Epidemiology of Health Care-Associated and
Health care-associated infections and infections with bacteria that have become resistant against the majority of available antibiotics threaten the success of medical interventions at all levels of health care – primary, secondary and tertiary. Moreover, both health issues often occur combined, (i.e. most health care-associated infections are caused by antibiotic resistant pathogens) and amplify each other (antibiotic resistant pathogens are more likely to cause large hospital outbreaks). Over the last years, these issues have become a common menace with local, national, and global ramifications. Due to the mainly opportunistic behaviour of bacteria which cause hospital-acquired and antibiotic-resistant infections, the most vulnerable segments of societies are affected and consequently, these infections, in contrast to others perceived as threats to public health, such as emerging infections, zoonoses, bioterrorism and pandemic influenza, are perfectly predictable with respect to their relentless expansion.
The group of Health Care and Antimicrobial Resistance Epidemiology explores the occurrence and consequences of health care-associated infections and antibiotic resistance among patients and the communities in Europe and beyond.
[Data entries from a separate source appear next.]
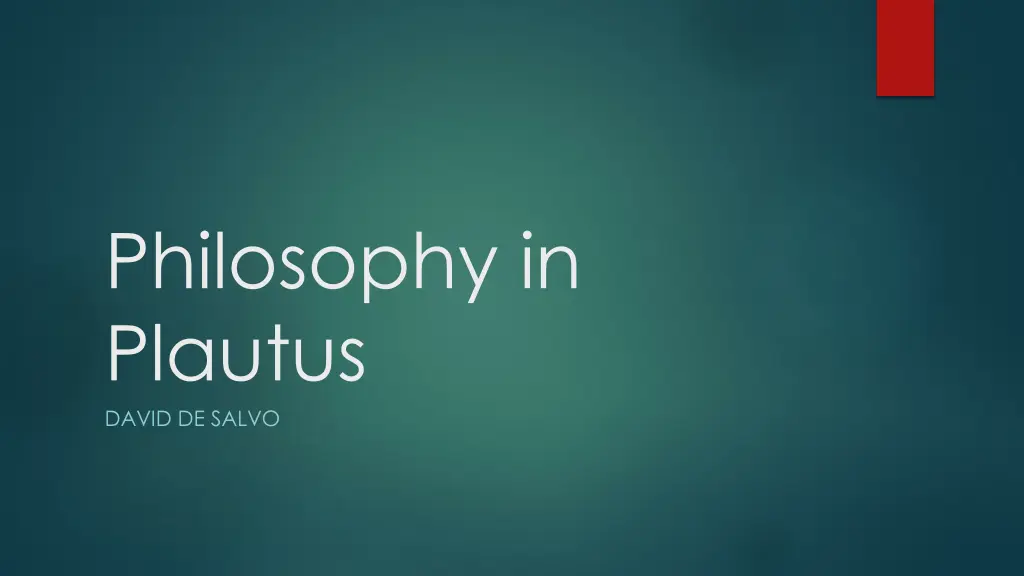 philosophy in plautus david de salvo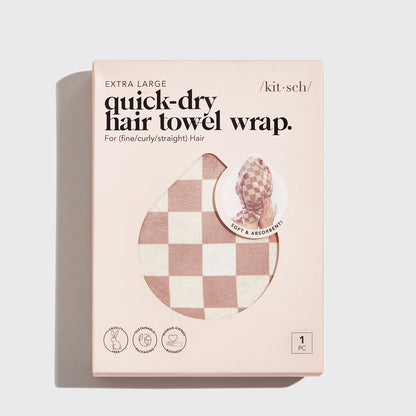 Satin Lined Flexi Shower Cap + XL Hair Towel Bundle, KITSCH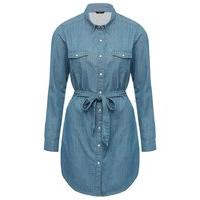 Women\'s Ladies long adjustable sleeve mid wash button fasten tie waist belt chambray tunic shirt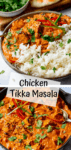 Two image collage of chicken tikka masala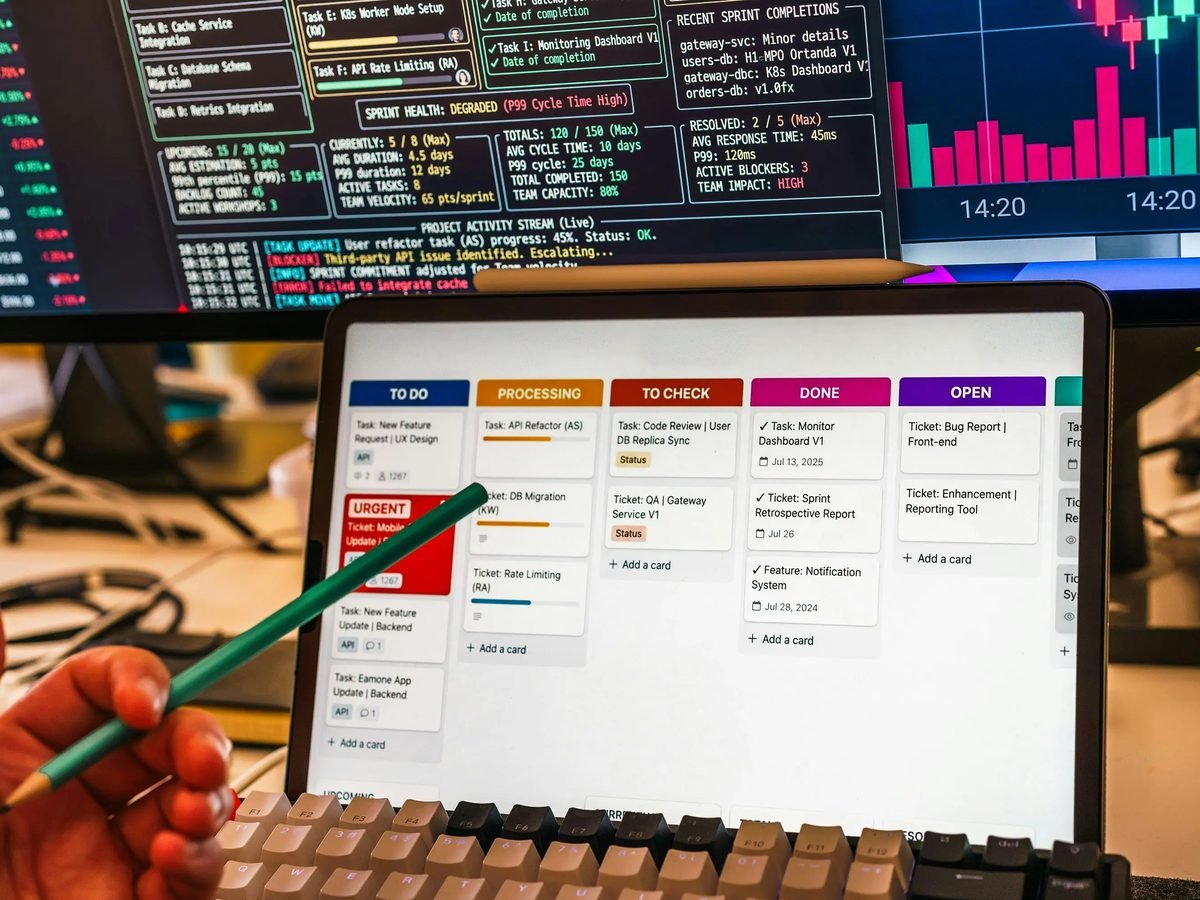 Reviewing due diligence documents on a tablet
Based on a decade of experience with the setting up of continent-wide surveillance at the European level (European Antibiotic Resistance Surveillance System, EARSS), current tasks are addressed at three complimentary levels encompassing Populations, Patients, and Pathogens. This division into the three “P”s follows – rather conventionally – the operational and professional fault lines of the main disciplines involved, namely, public health, clinical medicine, and biology. But more importantly, this distribution describes the crucial ecological forces that shape the occurrence and evolution of health care-associated infections and antibiotic resistance in ways that reduce complexity and thereby provide the intuitive basis for a graded approach to interventions at all levels.
The group of Health Care and Antimicrobial Resistance Epidemiology belongs to the bonafide experts in international surveillance of antibiotic resistant bacteria and provides active support to the diagnostic National Reference Laboratories in all EU Member States in molecular epidemiology, capacity building and the exchange of epidemiological data about the spread of bacterial pathogens with particular public health importance. In this respect the group collaborates closely with the Centres for Disease Prevention and Control (EU) of the European Union, the six WHO regional offices in different parts of the world and the WHO headquarters in Geneva.